BTW - ona też powinna, ale bardziej Ty. Kobiety nie odczuwają aż tak dotkliwie braku pracy (z reguły to po naszej stronie leży gro domowych obowiązków, więc nawet nie pracując zawodowo nie czujemy się "pasożytami" i nie odnosimy wrażenia, że życie przecieka nam przez palce).
Powodzenia
Przejdę do jeszcze jednej rzeczy, mianowicie "kocham Cie".
Dla mnie te dwa słowa maja wielka wagę, nie wypowiem ich od tak.
Jest też i druga strona medalu, skąd mam to wiedzieć, czuć? Prawda ze dziwne pytanie? Kiedyś się zastanawiałem czy kocham rodziców, rozumiecie?

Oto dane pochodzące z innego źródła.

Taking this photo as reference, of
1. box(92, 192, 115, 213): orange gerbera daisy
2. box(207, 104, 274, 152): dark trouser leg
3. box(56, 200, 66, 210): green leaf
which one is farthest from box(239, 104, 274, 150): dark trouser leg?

W pewnym momencie myślałem ze jestem bezuczuciowy i nie potrafię kochać, a okazywaniu uczuć to już masakra.
Myślałem ze jestem skała...jednak pewien incydent dal mi do zrozumienia ze ich kocham, było mnóstwo emocji ale w głębi duszy dziękowalem ze są.
Kiedy wszystko wróciło do normy stoje tak jak teraz i znowu mam wrażenie ze nestem nie wrażliwym facetem.
Wkurw leci na samego siebie, nie rozumiem siebie. Nie wiem nie potrafię się zakochać? Chociaż jak mnie ex rzuciła to embrion przez miesiąc heh.
Jak to u Was Panowie? Wiadomo jest fajnie, zwiazek itd ale przychodzi czas na pytania od kobiety i sam wtedy sobie musisz odpowiedzieć...a jak nie wiesz lub tylko jakies złudzenie ze nie wiesz?
Carpe diem.
Słuchaj zacznij od zaakceptowania tego jak jest, zrozum, że w życiu wszystko jest nie trwałe, wszystko sie zmienia i nie trzeba na siłe sie dostosowywać, wystarczy zrozumieć ze wszystko płynie.
Straciłeś prace, masz teraz okres w ktorym poznajesz swoje slabosci, moze wlasnie teraz jest dla Ciebie bardzo wartosciowy i szczegolny czas choć uznajesz go za coś co nie powinno mieć miejsca. Pamietaj, ze siły statku nie sprawdza sie podczas postoju w porcie lecz przy najwiekszych sztormach. Własnie teraz pokaż, ze jestes silnym facetem który bierze los w swoje rece, zacznij od zmiany nastawienia do sytuacji a nastepnie rób małe, zdecydowane kroki zeby to zmienic, ale ciagle pamietaj, ze sytuacja jest cięzka zebys przypadkiem nie zaczął skakac z radosci z tego powodu, ze za miesiać nie bedzie z czego opłacić rachunku.
Bądz stabilny emocjonalnie, daj oparcie swojej dziewczynie i najbliższym. Weź odpowiedzialnosc za swoje zycie.
Twoim błędem było zamieszkanie z nią. Ona stała się dla Ciebie codziennością, zbyt dostępna i Ty dla mniej też. Mieszkanie z kobietą to według mnie nie jest najlepszy pomysł.
"Kto próbuje przegrywa czasami, kto się poddaje przegrywa zawsze!"